*** Opening of RECORDS TO PROCESS ***

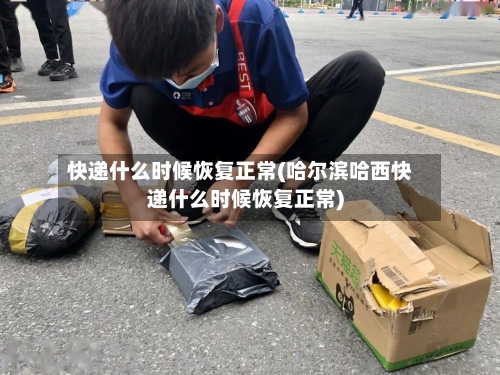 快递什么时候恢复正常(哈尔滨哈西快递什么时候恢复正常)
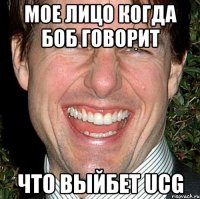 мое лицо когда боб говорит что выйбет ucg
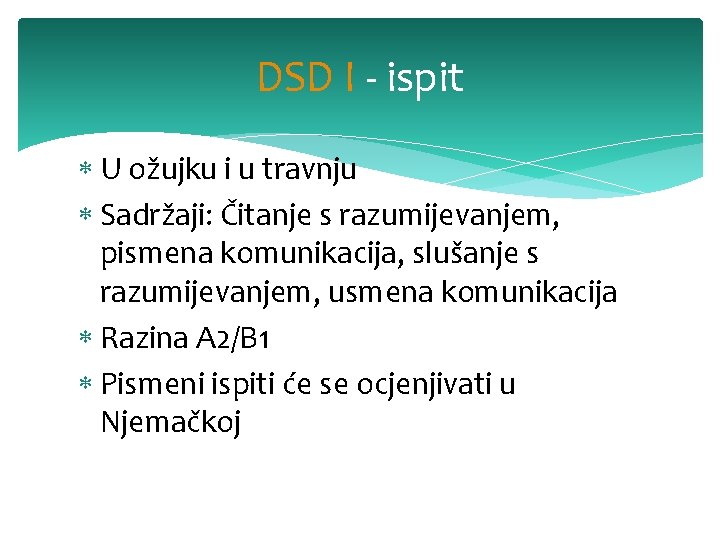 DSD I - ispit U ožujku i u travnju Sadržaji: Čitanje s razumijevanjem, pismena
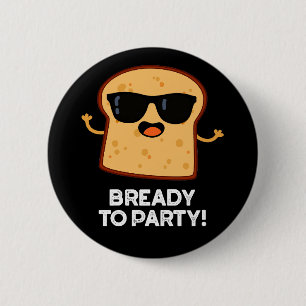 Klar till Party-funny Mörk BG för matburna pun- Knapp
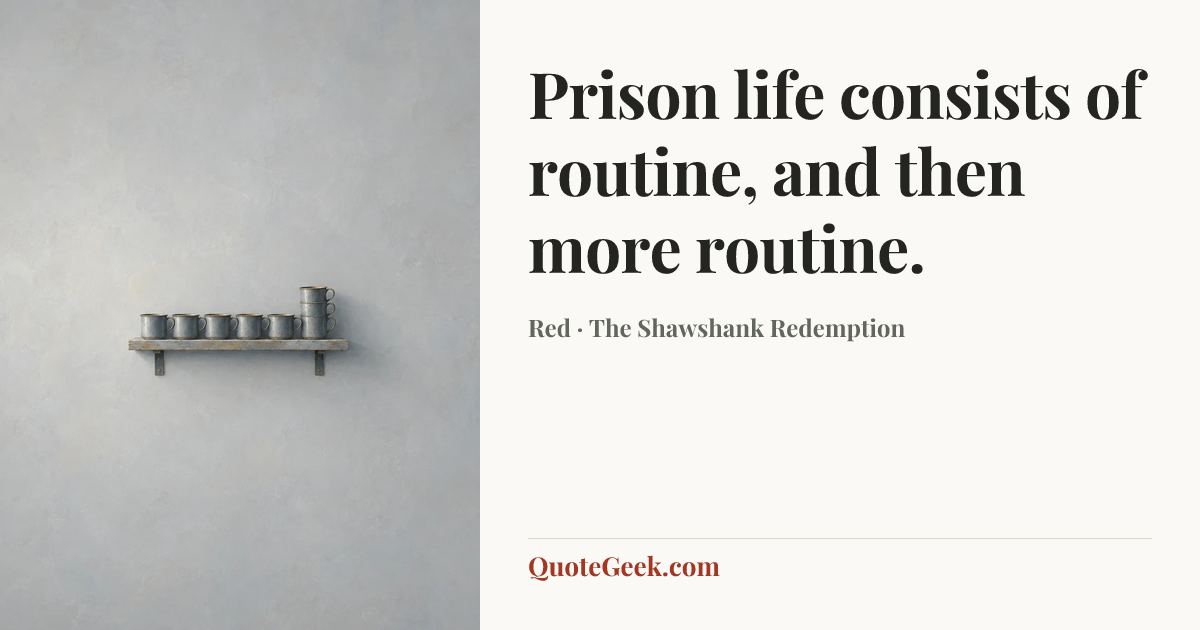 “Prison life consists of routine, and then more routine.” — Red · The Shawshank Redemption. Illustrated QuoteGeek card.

*** Close of RECORDS TO PROCESS ***

EXERCISE ▸
Repeat the data exactly. Pictures should not appear.

TASK OUTPUT ▸
 快递什么时候恢复正常(哈尔滨哈西快递什么时候恢复正常)
 мое лицо когда боб говорит что выйбет ucg
 DSD I - ispit U ožujku i u travnju Sadržaji: Čitanje s razumijevanjem, pismena
 Klar till Party-funny Mörk BG för matburna pun- Knapp
 “Prison life consists of routine, and then more routine.” — Red · The Shawshank Redemption. Illustrated QuoteGeek card.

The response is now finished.